Dr. Satyandra K. Gupta is a researcher and educator working in the field of automation and robotics. He started his career as a Research Scientist
in the Robotics Institute at Carnegie Mellon University in 1995. He moved to the University of Maryland, College Park in 1998 as an Assistant Professor of Mechanical Engineering. He was appointed as the founding director of the Maryland Robotics Center in 2010. He was appointed as a Program Director for National Robotics Initiative at National Science Foundation and served in this role from 2012 to 2014. He was appointed as a member of the Task Force on Defense Science Board Summer Study on Autonomy in 2015 He joined the University of Southern California in 2016.
He currently holds Smith International Professorship of Mechanical Engineering and serves as the founding Director of the Center for Advanced Manufacturing at Viterbi School of Engineering at the University of Southern California. He is known for his research in manufacturing automation, robotics, and computer-aided design.

He was appointed as the Editor for Journal of Computing and Information Science in Engineering in 2017 by American Society of Mechanical Engineers (ASME) and the Editor-in-Chief for Advanced Manufacturing Book Series by World Scientific Publishing Company in 2016.

== Education ==
He received a bachelor's degree from the University of Roorkee (currently known as the Indian Institute of Technology, Roorkee), Master's degree from the Indian Institute of Technology, Delhi, and a Ph.D. in Mechanical Engineering from the University of Maryland, College Park.

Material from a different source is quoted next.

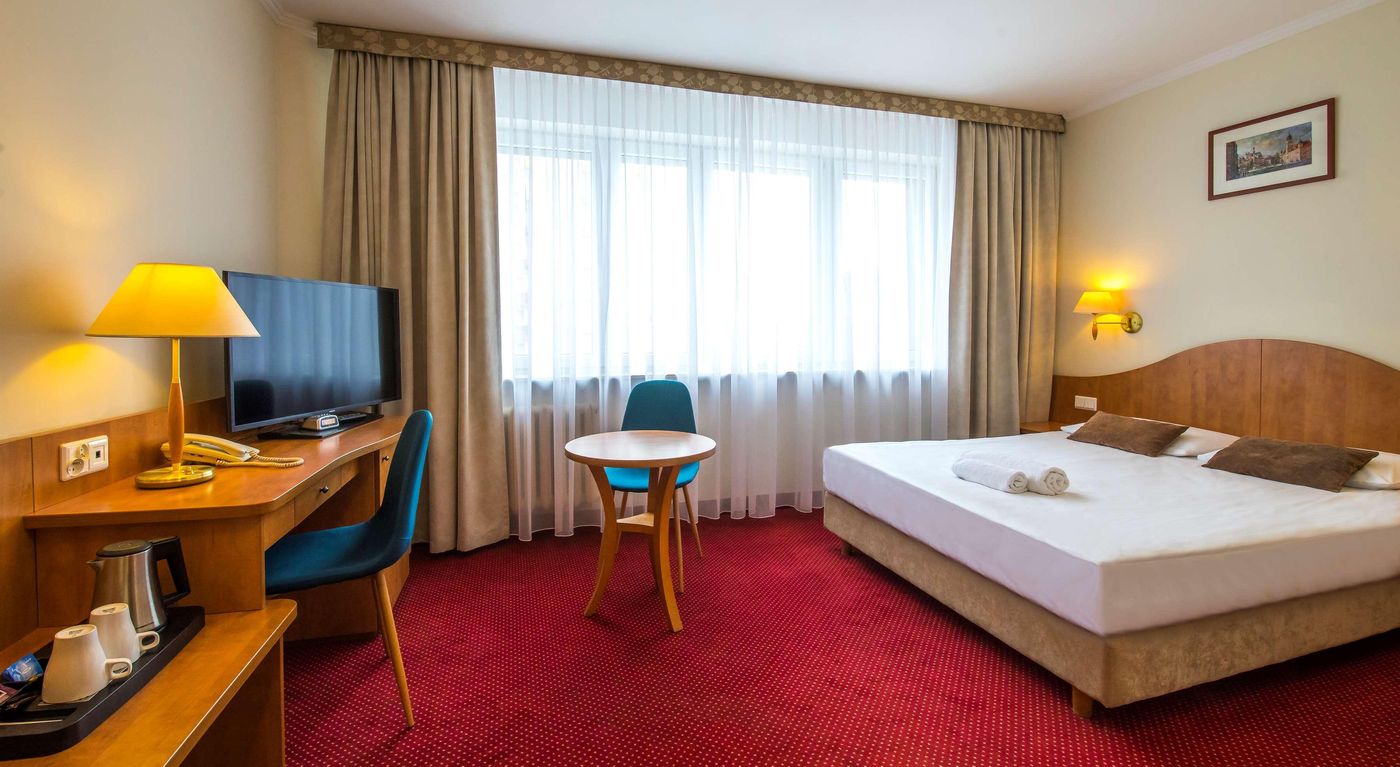 Best-Western-Hotel-Portos-Room-10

== Awards, Achievements, and Media Coverage ==
Dr. Gupta received Presidential Early Career Award for Scientists and Engineers (PECASE) Award from President George W. Bush in 2001 at a ceremony in the White House. He was elected a fellow of American Society of Mechanical Engineers (ASME) in 2007 for his contribution to the field of automation and Society of Manufacturing Engineers Fellow. He was also elected a fellow of Institute of Electrical and Electronics Engineers (IEEE) in 2020 for his contributions to the development of decision-making tools for manufacturing automation. He was conferred Kos Ishii-Toshiba Award in 2011 and Excellence in Research Award in 2013 by ASME to recognize his outstanding research contributions. He was honored as a Distinguished Alumnus by the Indian Institute of Technology Roorkee in 2014. He was named among the 20 most influential professors in smart manufacturing in May 2020 by SME

He led development of RoboRaven, the first robotic bird capable of flying outdoor using independent wing control and performing aerobatic maneuvers and RoboSAM, the first smart robotic assistant in manufacturing applications that was capable of assessing its own confidence in performing a given task and calling for help when needed. Dr. Gupta is often quoted by media on topics related to Automation and Robotics. He testified at “Make It in America” Hearing for US House of Representatives.

== Research interests ==
Dr. Gupta's interest is in the area of physics-aware decision-making to facilitate automation. He is specifically interested in decision-making in the context of Computer-Aided Design, Manufacturing Automation, and Robotics. These applications often involve model uncertainty, complex physics, and fast decision-making speeds. He develops decision-making approaches that combine heuristic-aided discrete state-space search and non-linear optimization to produce high-quality decisions by the required decision-making deadlines.

==Publications==
Dr. Gupta has written more than three hundred and fifty technical articles. He is the co-author of the book titled "Integrated product and process design and development: the product realization process" He also co-authored the book titled "Training in Virtual Environments: A Safe, Cost-Effective, and Engaging Approach to Training". He was awarded two US patent titled "Apparatus and Method for Multi-Part Setup Planning for Sheet Metal Bending Operations" in 2001, and "Surface vehicle trajectory planning systems, devices, and methods" in 2018. He also writes Pursuit of Unorthodox Ideas Blog.